The goal is to perform object detection on the handwritten notes and then process those sections to summarize them into a PDF.

Technical contributions

1. Baseline

We established a baseline for our project by conducting object detection with YOLOv7-tiny, trained for 100 epochs with a batch size of 8. The Structural Similarity Index (SSIM) from SciKit was employed to assess the quality of the images. Background removal from the handwritten notes was implemented using a nested for loop.

2. Skill/Knowledge

2.1 Dataset

Frames containing handwritten notes were extracted from certain lecture videos and club seminars. The handwritten sections were then bounded to create a custom dataset, which was developed using Roboflow.

2.2 Model

Transfer learning was conducted using the pre-trained weight file of YOLOv7-tiny on the custom dataset. To achieve results comparable to those obtained with YOLOv7, adjustments were made to the epoch and batch size parameters. It was determined that an epoch of 400 and a batch size of 32 were optimal settings.

3. Novelty

By utilizing the SSIM implementation from OpenCV instead of SciKit, we achieved a twofold improvement in performance. The implementation of YOLOv7-tiny was optimized through TensorRT, resulting in a reduction of processing time by more than tenfold. In the background removal process, rather than merely subtracting the original image from the handwritten image, we employed the subtracted image as a mask, thereby reducing the processing time per frame.

Implementation

The project leverages the computational power of the NVIDIA Jetson Nano board and its dedicated GPU to run deep learning models for object detection and speech recognition efficiently. The system is implemented using Python and various deep learning frameworks, such as TensorFlow and PyTorch.

Key Features

Object Detection

The system utilizes advanced object detection algorithms to identify and extract relevant visual information from the lecture videos, such as slides, diagrams, and handwritten notes.
This visual data is then incorporated into the generated PDF notes for better comprehension and context.

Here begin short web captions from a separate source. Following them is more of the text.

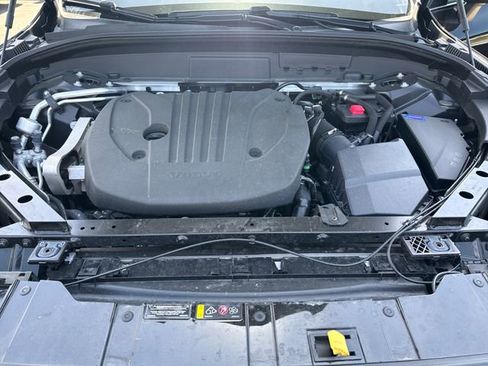 Used 2025 Volvo XC60 B5 Plus AWD/4WD image 29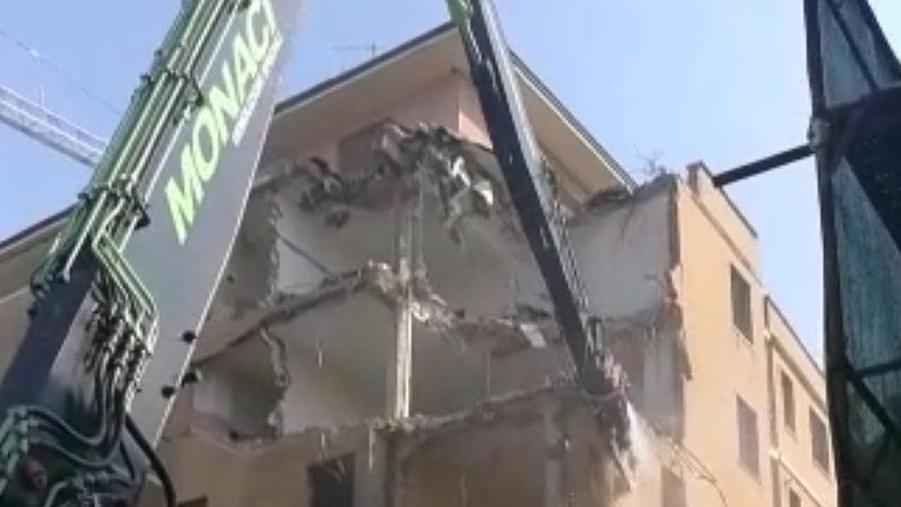 Partita ieri la demolizione del palazzo di via Roma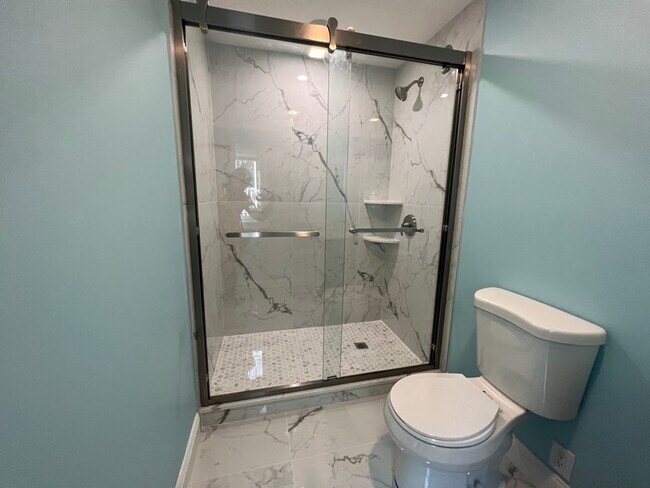 Building Photo - 346 Cherry St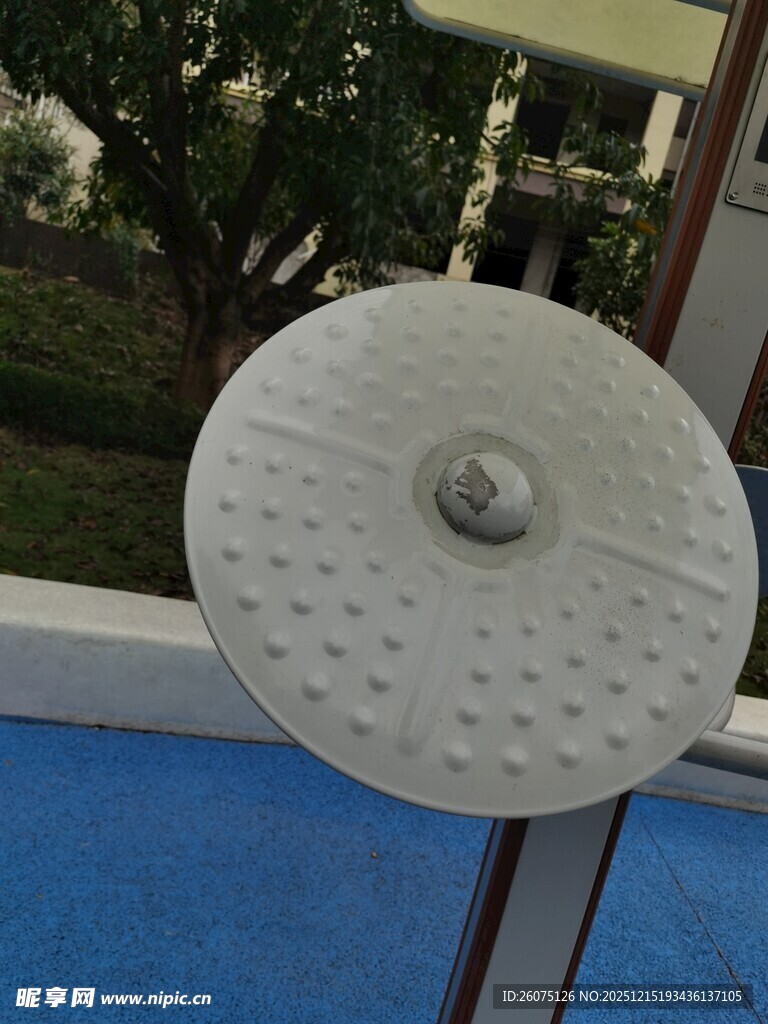 户外白色多孔圆形物件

Summarization and Formatting

The transcribed text and extracted visual information are intelligently processed and summarized to create concise and well-strutured PDF notes. The notes are formatted with appropriate headings, bullet points, and visual aids, ensuring a clear and organized presentation of the lecture content.

Potential Applications

Educational Institutions

Lecture Summarizer can be a valuable tool for students and educators, enabling them to quickly review and revisit lecture content in a condensed and organized format.

Online Learning Platforms

The system can be integrated into online learning platforms to provide learners with comprehensive and easily digestible summaries of video lectures.

Corporate Training

Businesses can utilize Lecture Summarizer to create concise training materials from recorded sessions, facilitating knowledge transfer and employee development.

About Our Project

Why this project is named "GRIK"

We ofthen find that project code names are inspired by food items, such as Eclipse, Bread, and Honeycomb.
In our case, we named our project "GRIK" because of our fondness for Greek yogurt.
The name not only reflects our culinary preferences but also pays homage to the rich cultural heritage of Greece.

Dependency

How to run our project

Step 1. Download our project file.
Step 2. Open your terminal.
Step 3. Run python3 app.py

Implementation Mechanism

image [ Fig 01. Program Architecture Diagram ]

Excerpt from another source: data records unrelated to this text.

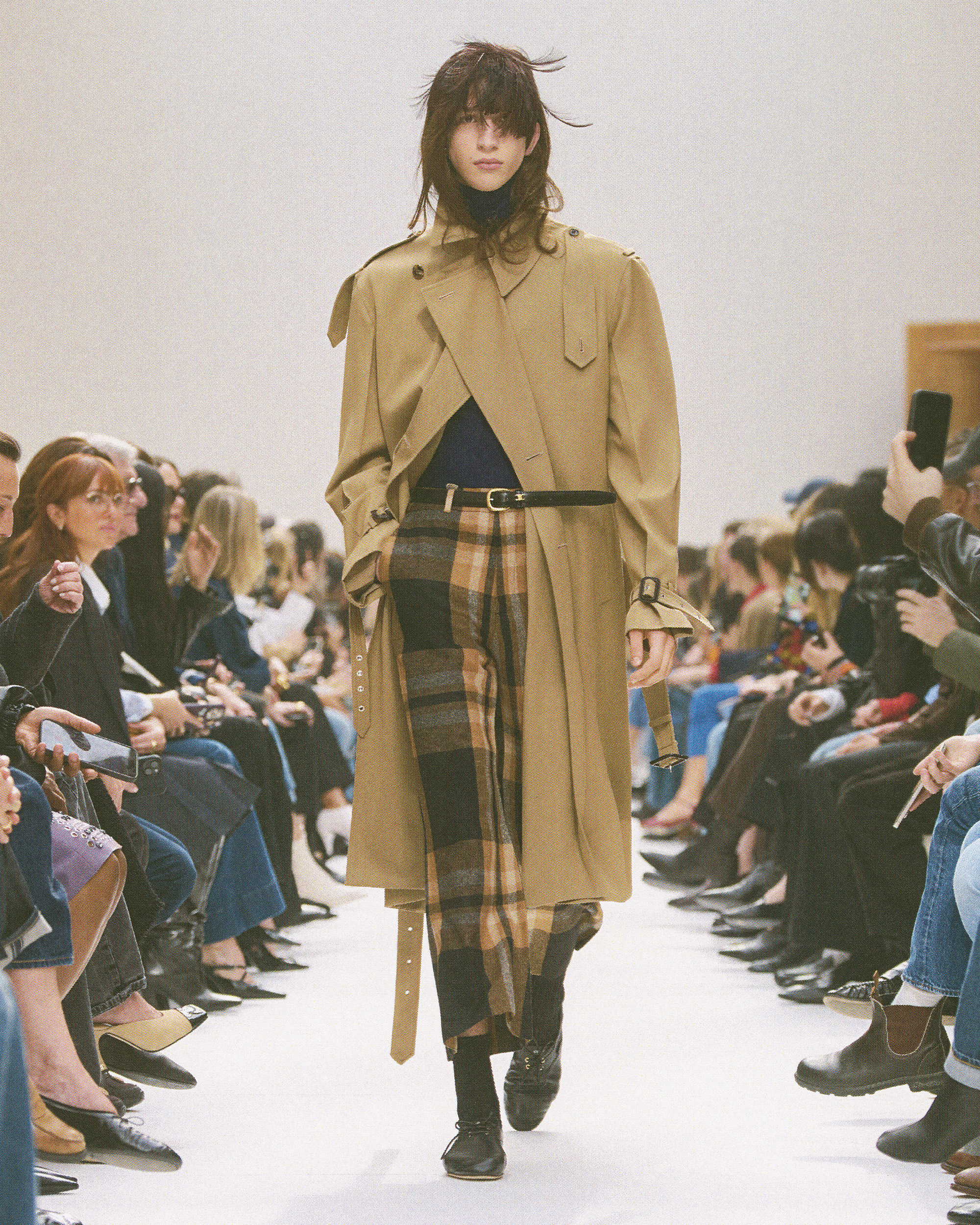 CELINE_070326_WINTER2026_SHOW_RUNWAY_KEYLOOKS_4X5_LOOK_49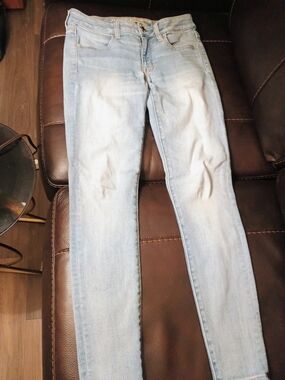American Eagle Outfitters Light Wash Skinny Jeggings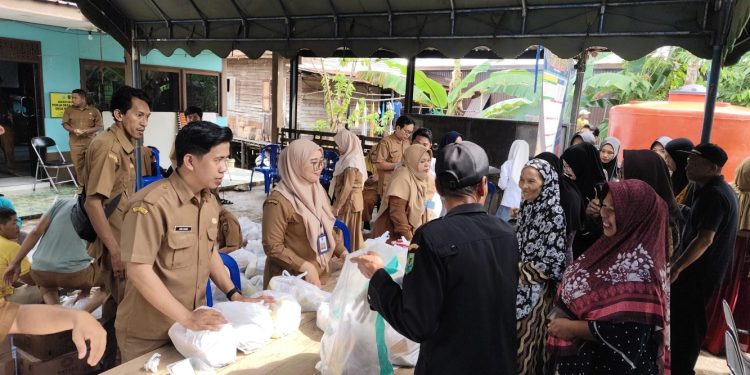 Diskuperindag HSU Gelar Pasar Murah untuk Stabilkan Harga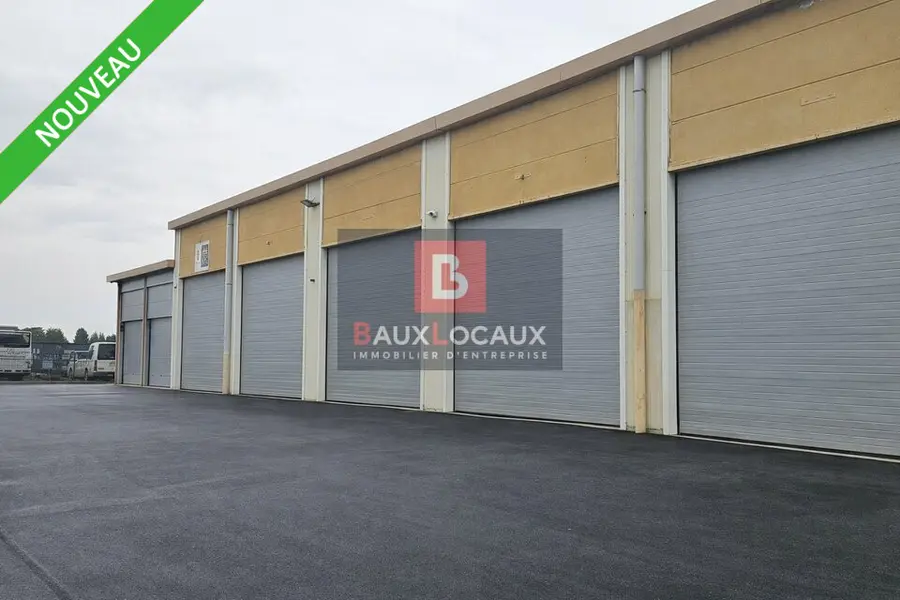 Location Carpentras, local d'activité d'une surface totale de 307 m².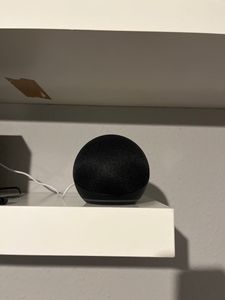 Amazon Echo Dot (5. Gen), Amazon Alexa, Sphärisch, Schwarz, Deutsch, Englisch, Spanisch, Französisch, Italienisch, Android, Fire OS, 4,4 cm Kunden-Foto 3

This project processes video files through a total of four stages. Initially, the video file is received in app.py, which passes the video storage path as a parameter to Imagehash.py. Subsequently, images are extracted using the pHash-based Hamming Distance to differentiate between the pre-annotated and post-annotated frames. The image paths are then forwarded to detection.py, where YOLOv7-tiny is employed to extract the annotated sections. The extracted image paths are passed to extract.py for background removal. Finally, all processed images are compiled into a single PDF using makePDF.py.

Step 1. Imagehash

Initially, the algorithm employed in this project was the Structural Similarity Index (SSIM). However, due to the excessive processing time encountered[1] during implementation on the Jetson Nano, we transitioned to using Imagehash for improved performance.

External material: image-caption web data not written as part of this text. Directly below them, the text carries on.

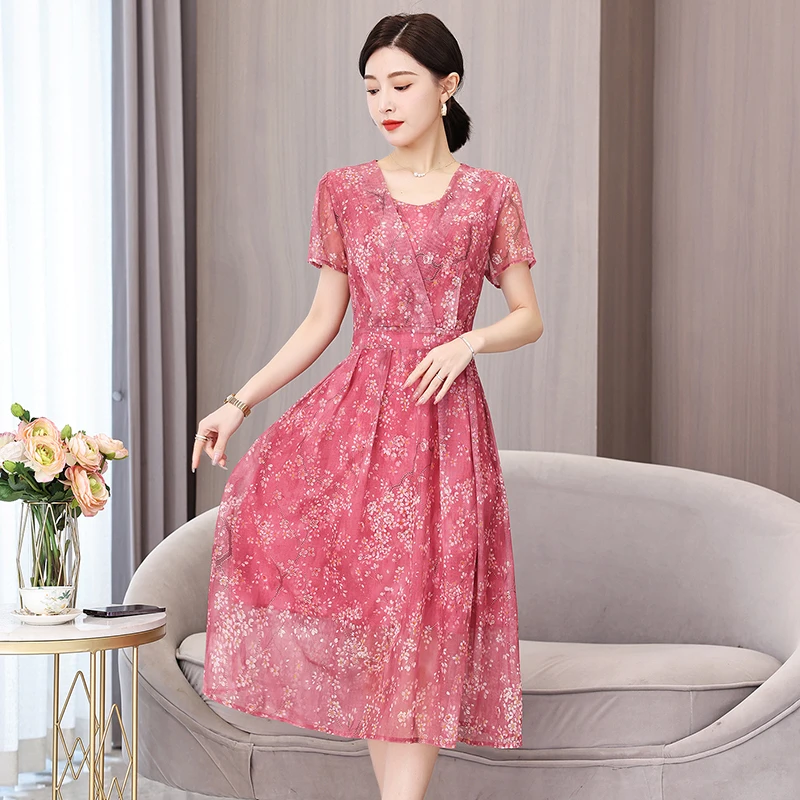 2023 New Fashion Silk Printed Dress Women's Summer Elegant Luxury Round Neck Short Sleeve Loose Fit Holiday Dress Vestidos
2023 New Fashion Silk Printed Dress Women's Summer Elegant Luxury Round Neck Short Sleeve Loose Fit Holiday Dress Vestidos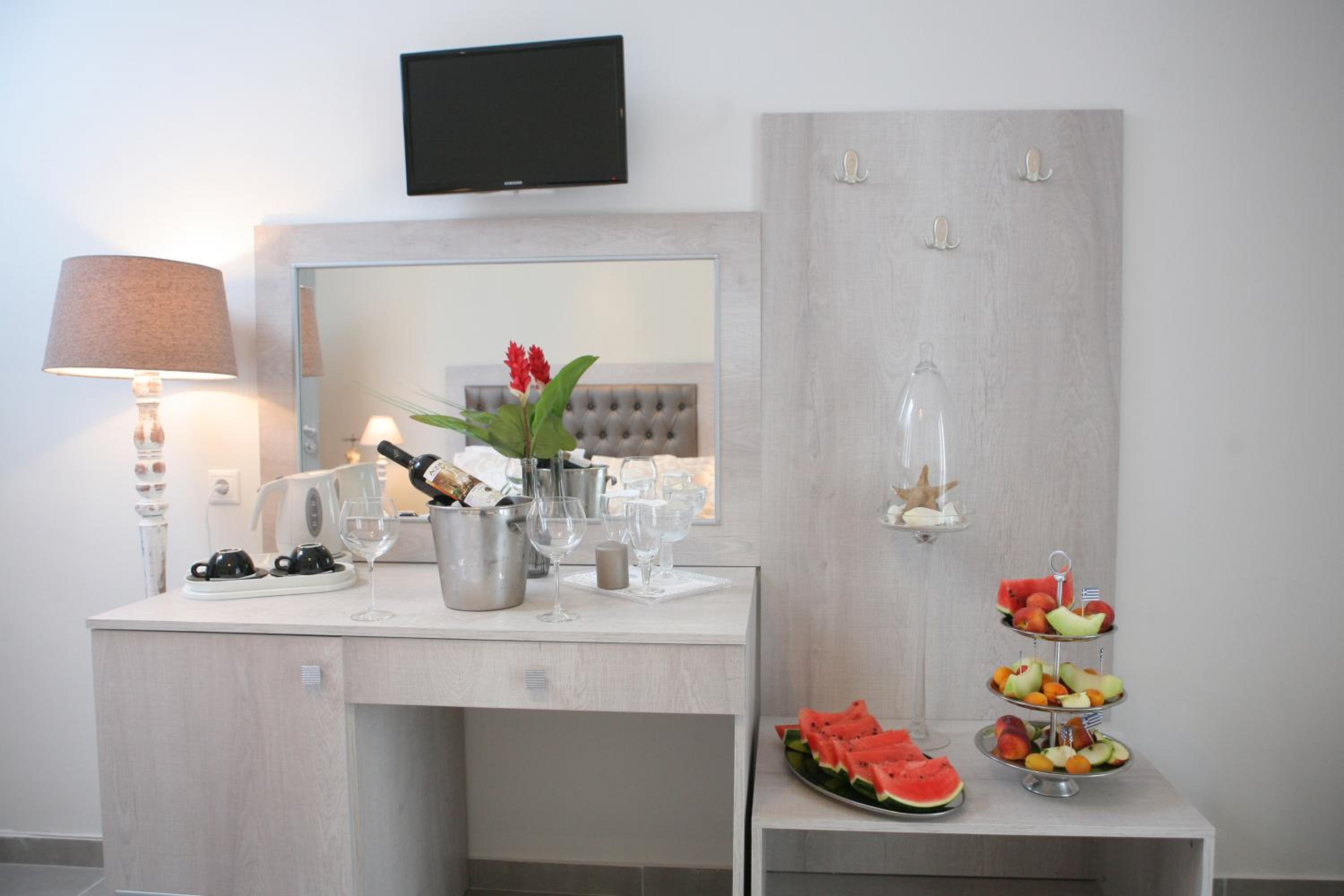 Junior Suite with Garden View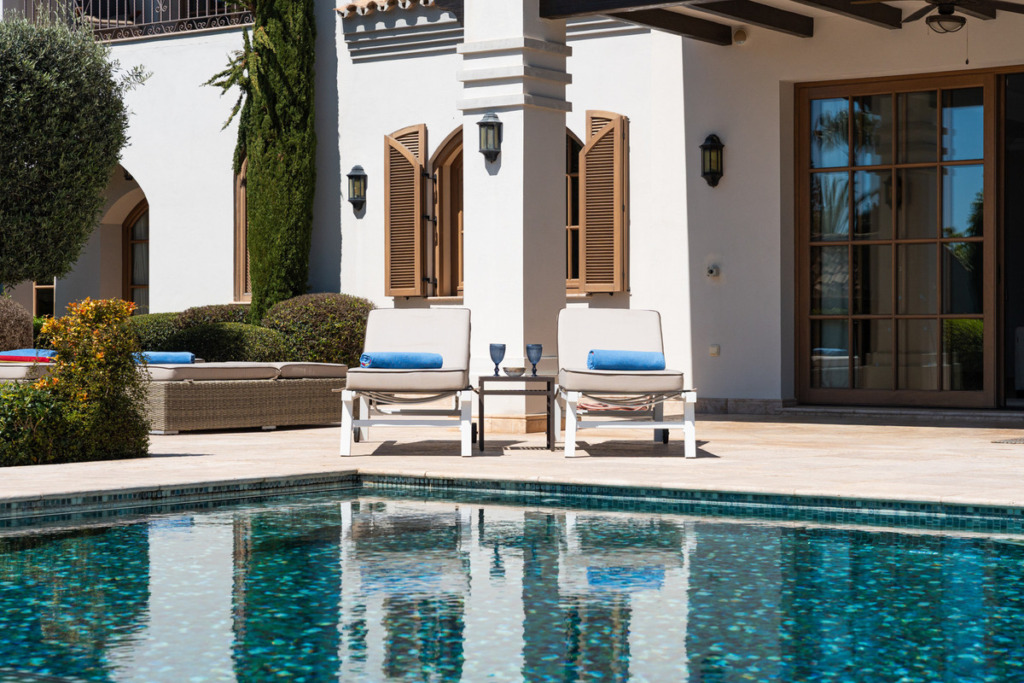 Villa – Chalet — The Golden Mile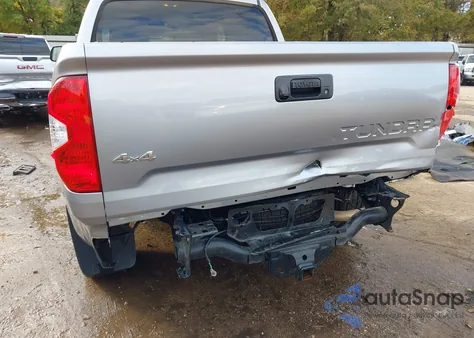 2021 Toyota Tundra Limited из США, поврежденный, VIN 5TFHY5F17MX968070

image [ Fig. 02. Runtime Comparison of Similarity Algorithms ]

Comparing the results, the runtime for Scikit's SSIM was 411 seconds for a 720p video at 11 minutes and 24 frames, while OpenCV achieved a runtime of 200 seconds. In contrast, Imagehash demonstrated a significantly reduced runtime of 124 seconds. The substantial decrease in runtime upon switching to Imagehash indicates that the algorithmic improvement was meaningful and beneficial.

image image [ Fig. 03. pHash Computation Process and Method for Calculating Hamming Distance ]

By employing this method, the project utilized dynamic programming (DP) to calculate the Hamming distance, thereby reducing the time complexity compared to SSIM.

image [ Fig. 04. Algorithm Improvement through the Application of Dynamic Programming (DP) ]

Step 2. Object Detection

To accurately recognize the annotations and extract the annotated sections, we determined that an Object Detection approach was appropriate. Consequently, we opted to use YOLOv7-tiny, which had been verified for feasibility on the Jetson Nano. However, a challenge arose as YOLOv7 was a model not trained on annotation data. To address this, we utilized the Roboflow platform to create a custom dataset by extracting frames from videos of seminars and external lectures. Subsequently, we conducted training in the Colab environment using hyperparameters.

image [ Fig. 05. Training Results by Hyperparameters ]

The training results indicated a trend of increasing accuracy with larger values for both epoch and batch size. In the final version, we utilized a model trained with 400 epochs and a batch size of 32.

image [ Fig. 06. Inference Time per Image Before Optimization ]

However, due to performance constraints on the Jetson Nano, the inference time per image was 28 seconds. This led us to conclude that GPU optimization was necessary. Consequently, we developed the following optimization algorithm.

image [ Fig. 07. Quantization and TensorRT Optimization Algorithm ]

Therefore, we chose to convert the model to ONNX format and apply TensorRT optimization. However, we encountered an issue with the 'NMS layer processing.' This layer is positioned before the output of YOLOv7, and the challenge arose because TensorRT does not support optimization for the NMS layer. To resolve this, we successfully adapted the method outlined in the official YOLOv7 GitHub repository for optimization.

image [ Fig. 08. Results After TensorRT Optimization ]

As a result, we were able to reduce the inference time from the original 28 seconds per image to 2.5 seconds. Notably, we attribute a significant portion of this improvement to the FP16 quantization implemented during the conversion to TensorRT.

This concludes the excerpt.